Estonian project Erik Stoneheart wins Screen Best Pitch Award.

Baltic Event 2015 winners

Lithuania was the big winner at this year’s Baltic Event when the awards were handed out during a ceremony in Tallinn’s historical town centre on Tuesday evening.

The Eurimages Co-Production Development Award - with a non-reimbursable subsidy of €20,000 to be used exclusively to cover project development costs - was presented for the first time this year in Tallinn.

A jury consisting of Petri Kemppinen, CEO of the Nordic Film & TV Fund, Polish producer Ewa Puszczynska, and Dorien van de Pas, head of New Screen NL and a consultant for talent development at the Netherlands Film Fund, chose the feature debut project Motherland by American Film Institute graduate Tomas Vengris, the son of Lithuanian immigrants living in the US

The €950,000 coming of age story will be produced by Uljana Kim’s Vilnius-based Studio Uljana Kim and already has Locomotive Productions from neighbouring Latvia attached as a co-producer.

Motherland also received Digital Sputnik’s Clear Light Award with €5,400 rental of the DS LED system for lighting the production.

Two years ago, Kim received the Screen International Best Pitch Award for the project Seneca’s Day, the first Baltic co-production for a fiction feature film.

Excerpts of Kristijonas Vildziunas’ latest film were shown as part of the Baltic Event’s Works in Progress this week.

Work in Progress Award

Cinema ‘made in Lithuania’ also came out on tops for another new award, the FilmFly Award for the project with the most potential among the Works in Progress.

Just a Moment’s Dagne Vildziunaite, one of 2015’s Screen Future Leaders in Cannes, received a place on the new training programme, to be launched next January, for the project Together For Ever by Lina Luzyte, which is the first co-production between Lithuania and Romania.
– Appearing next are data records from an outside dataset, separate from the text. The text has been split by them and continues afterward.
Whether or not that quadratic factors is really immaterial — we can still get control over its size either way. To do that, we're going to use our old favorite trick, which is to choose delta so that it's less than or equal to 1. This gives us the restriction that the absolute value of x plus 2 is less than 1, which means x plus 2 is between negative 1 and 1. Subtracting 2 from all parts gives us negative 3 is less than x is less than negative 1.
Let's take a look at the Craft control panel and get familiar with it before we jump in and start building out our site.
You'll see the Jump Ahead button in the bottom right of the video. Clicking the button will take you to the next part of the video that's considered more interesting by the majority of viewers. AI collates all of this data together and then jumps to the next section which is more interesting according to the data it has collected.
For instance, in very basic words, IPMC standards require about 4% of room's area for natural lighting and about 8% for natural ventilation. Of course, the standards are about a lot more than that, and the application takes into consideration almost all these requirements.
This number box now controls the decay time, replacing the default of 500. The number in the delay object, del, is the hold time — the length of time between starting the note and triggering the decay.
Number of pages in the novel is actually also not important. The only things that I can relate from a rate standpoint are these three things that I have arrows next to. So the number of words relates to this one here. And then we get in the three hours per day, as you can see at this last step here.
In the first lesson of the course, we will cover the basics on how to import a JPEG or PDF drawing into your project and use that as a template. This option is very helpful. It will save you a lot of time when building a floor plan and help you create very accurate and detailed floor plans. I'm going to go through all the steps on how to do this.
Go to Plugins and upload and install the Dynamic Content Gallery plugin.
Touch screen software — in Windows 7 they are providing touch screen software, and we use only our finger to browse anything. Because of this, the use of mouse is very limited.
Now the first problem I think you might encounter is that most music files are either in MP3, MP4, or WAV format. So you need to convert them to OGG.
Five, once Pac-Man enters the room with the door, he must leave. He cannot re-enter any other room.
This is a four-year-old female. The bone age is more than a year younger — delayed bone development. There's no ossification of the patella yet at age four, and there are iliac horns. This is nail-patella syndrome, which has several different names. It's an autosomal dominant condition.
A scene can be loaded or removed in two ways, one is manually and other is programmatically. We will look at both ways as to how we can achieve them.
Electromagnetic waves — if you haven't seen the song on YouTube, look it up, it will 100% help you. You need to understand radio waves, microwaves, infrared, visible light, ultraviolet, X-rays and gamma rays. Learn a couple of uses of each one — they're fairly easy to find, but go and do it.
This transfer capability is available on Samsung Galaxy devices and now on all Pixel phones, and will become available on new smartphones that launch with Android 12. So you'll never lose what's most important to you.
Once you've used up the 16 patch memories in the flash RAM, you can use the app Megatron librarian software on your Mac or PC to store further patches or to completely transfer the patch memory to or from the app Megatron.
Luzyte had developed her screenplay during a residency in Berlin as part of the Nipkow Programme and at the Torino Film Lab, and had the services of the internationally renowned DoP Oleg Mutu for her feature debut.

The Works in Progress jury of Karlovy Vary’s Lenka Tyrpakova, The Match Factory’s Zsuzsi Bankuti and Istanbul Film Festival advisor Azize Tan also awarded special mentions to the Egyptian-French Ali, The Goat and Ibrahim by Sherif Elbendary and the Austrian-Ukrainian co-production Ugly, which were presented in the new International Works in Progress section.

Ironically, the special mentions went unmentioned at Tuesday’s awards ceremony, while several of the participants of the Baltic Event expressed doubts about the wisdom or necessity for the introduction this year of the International Works in Progress since the reason for coming to Tallinn is specifically to see the latest projects from the Baltic region.

Screen International Best Pitch Award

This year’s Screen International Best Pitch Award offering editorial coverage during a project’s life from development through production to festival presentation and distribution went to the Estonian project Erik Stoneheart by Ilmar Raag.

The €2.5m family film will be produced by Evelin Soosaar-Penttilä of Amrion Ltd., which has previously worked with Raag on such films as The Class, the most successful film ever made in Estonia, and his 2014 film I Won’t Come Back.

In addition, two free passes for the 2016 edition of the Cannes Producers Network were awarded to two producers presenting projects at the Co-Production Market: Norway’s Gary Cranner (Chezville) and Johanna Aust of Berlin-based Flickfilm.